Finally, it seems the US Federal Reserve will belatedly come to the rescue of RBNZ Governor Graeme Wheeler and a stronger US$ exchange rate will assist in the quest to return New Zealand’s inflation rate to the required 1% to 3% band.

The very clear signal from the Federal Reserve Chair, Janet Yellen at last weekend’s Jackson Hole speech was that US economic conditions have improved to the point that a 0.25% interest rate increase is very much “in play” for the 21 September Fed meeting.

Under the proviso that US jobs expand for August by greater than 180,000 on 2 September, the probability of a Fed hike in September will increase to above 50%. The FX markets should now price the US dollar stronger against all currencies in the lead up to the August jobs figures and 21 September Fed meeting. Rising US interest rates against money printing monetary policies in Japan and Europe underpins the next phase of anticipated US dollar strength.

Already the US dollar has made gains against the Euro after the Yellen signal from $1.1300 to below $1.1200. Further US dollar gains have to be expected over coming weeks against the major currencies, as well as Asian and emerging market currencies. In this environment the NZD/USD rate should come under increasing downward pressure to below 0.7200 and eventually 0.7000, as it depreciates in line with all other currencies against the resurging USD. 

As was expected, Janet Yellen has finally run out of excuses not to increase US interest rates. All year she has managed to find a new reason not to raise rates. However, now consistently stronger US economic data (especially employment) is outweighing global financial market volatility and lower oil prices that have kept US inflation at lower than expected levels. The markets are now stable and oil has stabilised at a higher US$40 to US$50 per barrel range.

One very good reason why the Fed want US interest rates higher in 2016 is that if the global economy is hit with another shock, the US will have the ability to cut interest rates to restore market confidence. By not raising rates when the economic rationale demands it, the Fed run the risk of having now ammunition to fire when they might need it at a later date.

The Yellen signal last Friday is a significant event and now it is expected that the mood and sentiment in the global forex markets will turn much more positively for the US dollar. The growing prospect of US interest rates increases over the remainder of the year is not good news for US sharemarkets who have been dining out on zero interest rates for several years now. Typically, the NZ dollar depreciates in times of falling equity markets and “risk-off” global investor market sentiment.

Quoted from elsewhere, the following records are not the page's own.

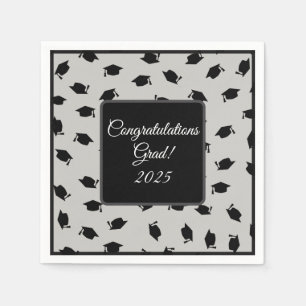 Cocktail Größe Graduation Cap Napkins Serviette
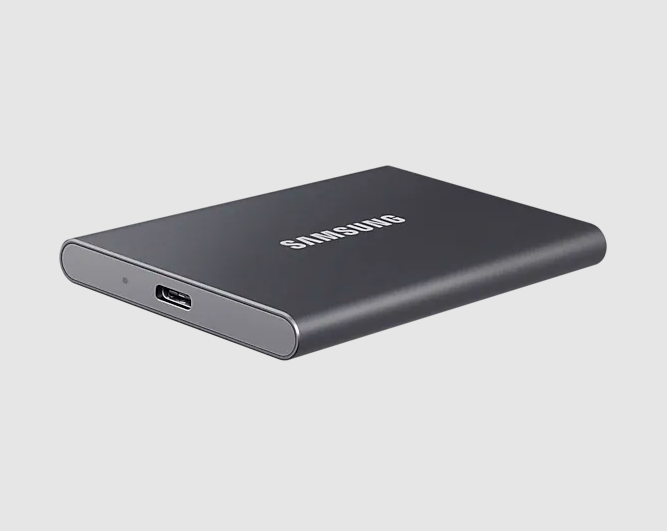 Samsung SSD Portable T7 USB 3.2 ( 500GB / 1TB / 2TB ) / Shock Resistant / Thermal Control / up to 1,050/1,000 MB/s / External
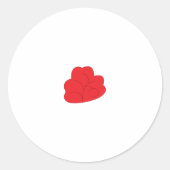 Milano Red, Roos Madder-hartsticker Ronde Sticker (Voorkant)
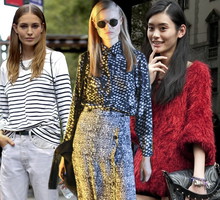 Street fashion: najlepiej ubrane modelki 2012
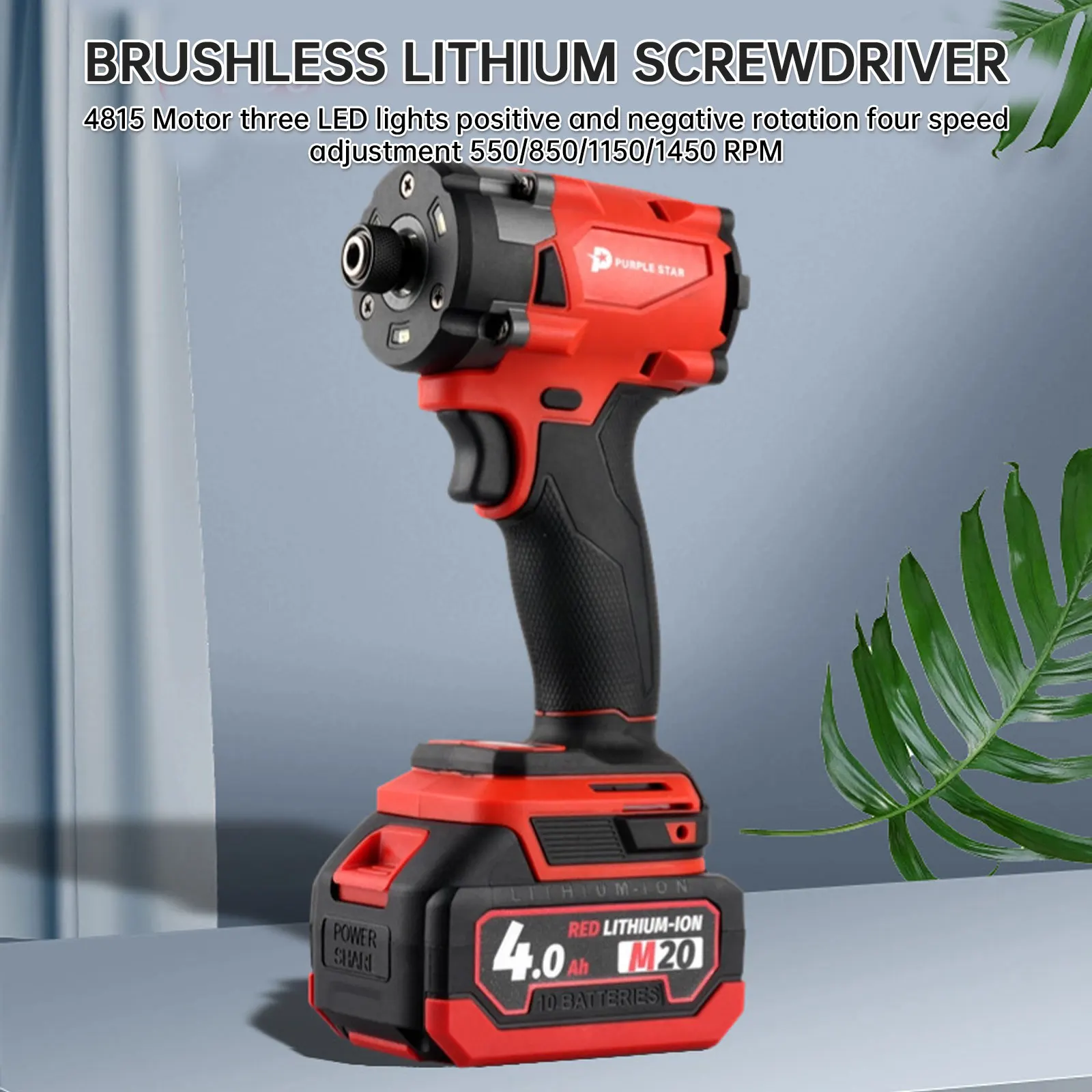 Brushless Cordless Electric Wrench 1/2 Car Truck Repair Screwdriver Impact Drill Rechargable 18V Battery Power Tools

The Kiwi dollar climbed to a high of 0.7370 just ahead of the Yellen speech, however was slammed back immediately to 0.7220 as the markets reacted to the Yellen speech. Prior to succumbing to renewed US dollar strength, the Kiwi dollar was pushed up through the 0.7300 resistance level by yet another RBNZ statement that sent the currency higher (instead of lower as the RBNZ have themselves have wanted to do for more than 12 months now).

Last week a speech on monetary policy by Governor Wheeler failed to express any concern that the NZ dollar had appreciated significantly since the 0.25% interest rate cut by the RBNZ on 11 August. The financial markets were conditioned by the RBNZ in late July to expect a reasonably aggressive monetary policy loosening over the remainder of 2016. Incomprehensibly, the RBNZ have seemingly deliberately under-delivered to that market pricing and the result has been a higher Kiwi dollar, rather than the desired depreciation.

In the 11 August Monetary Policy Statement and last week’s Wheeler speech, the RBNZ have miss-read the financial market sentiment/pricing and their statements have made life a lot tougher for themselves. If you keep on shooting yourself in the foot at some stage you might expect a decision not to pull the trigger of maybe move the foot!

Whilst continuing positive economic growth in New Zealand and the dramatic recovery in dairy prices are very positive factors for the Kiwi dollar, the exchange rate is a relative price to the USD itself.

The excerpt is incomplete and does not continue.